**Task directions**:
Without the pictures, can you quote each line below exactly?

START Provided material

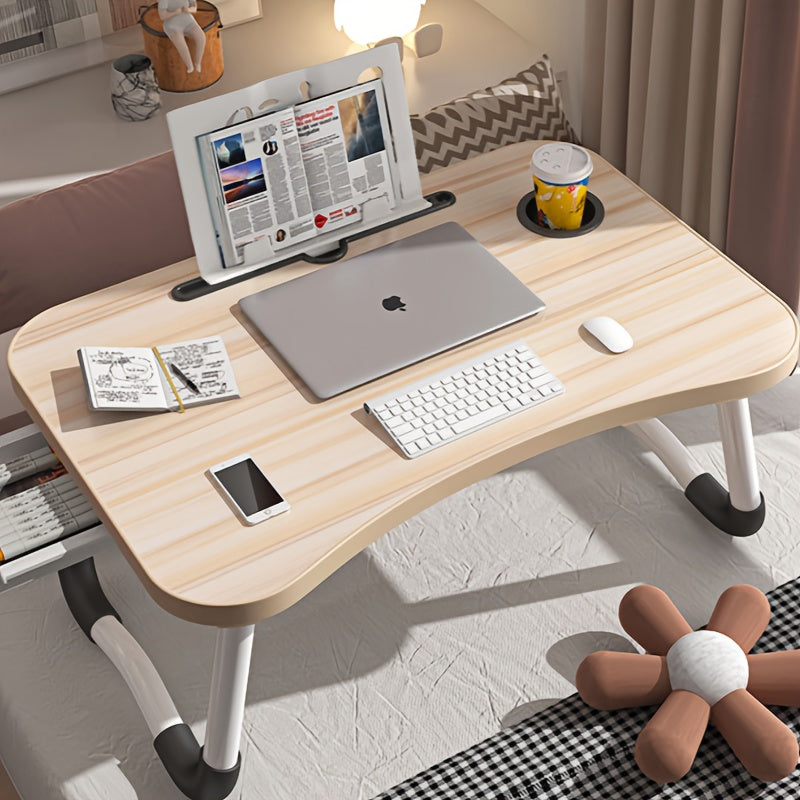 Large portable laptop desk with folding design, featuring multifunctional tray, cup holder, drawer, USB port, fan, and light. Made of durable aluminum alloy, suitable for use on bed, sofa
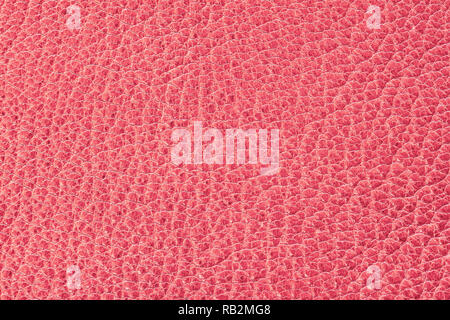 Genuine leather texture with embossed scales, pink red color of surface, trendy background, material for fashion accessories Stock Photo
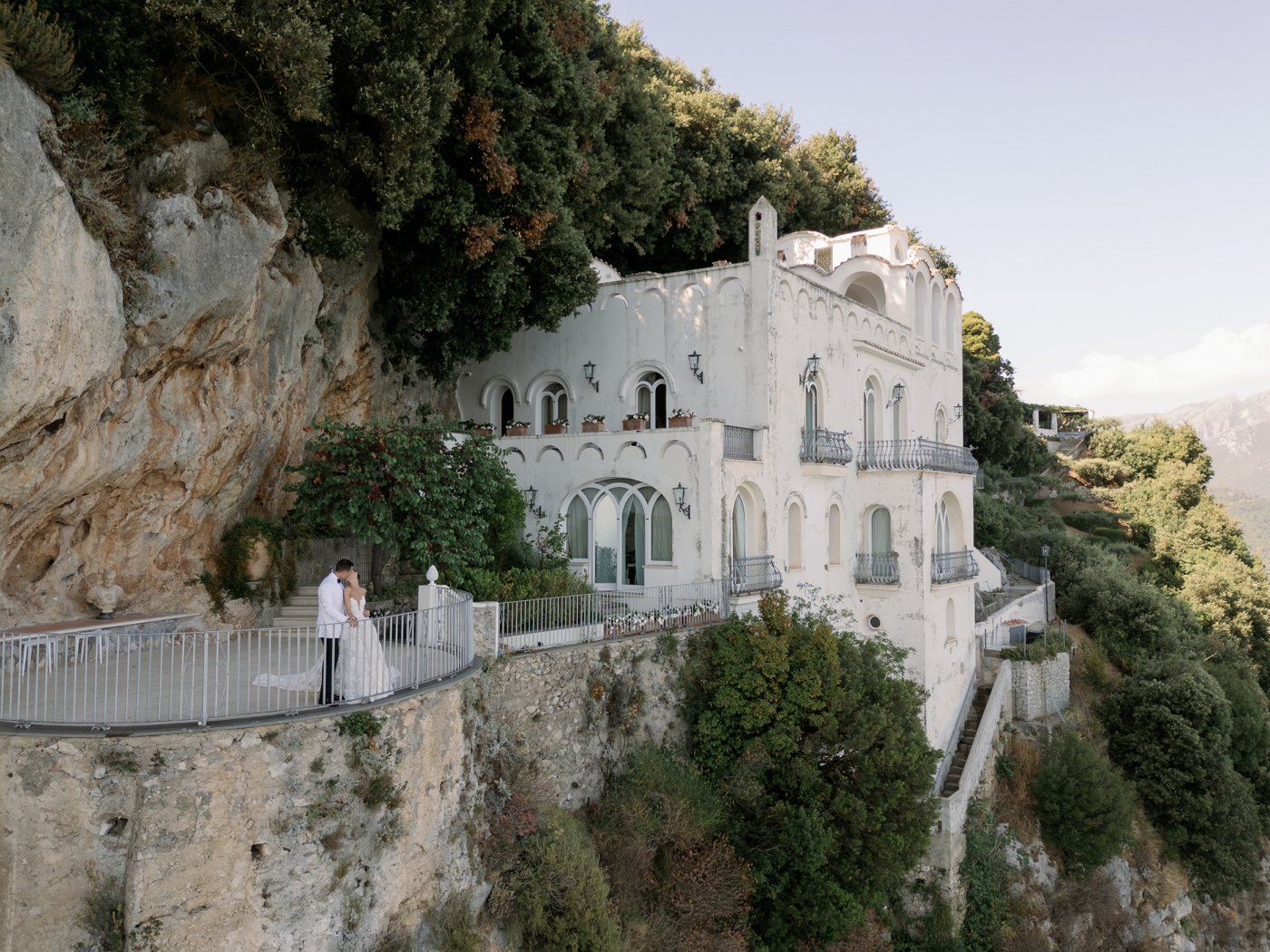 Bride and groom kissing on the cliffside balcony at Villa La Rondinai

END Provided material

**Output**:
 Large portable laptop desk with folding design, featuring multifunctional tray, cup holder, drawer, USB port, fan, and light. Made of durable aluminum alloy, suitable for use on bed, sofa
 Genuine leather texture with embossed scales, pink red color of surface, trendy background, material for fashion accessories Stock Photo
 Bride and groom kissing on the cliffside balcony at Villa La Rondinai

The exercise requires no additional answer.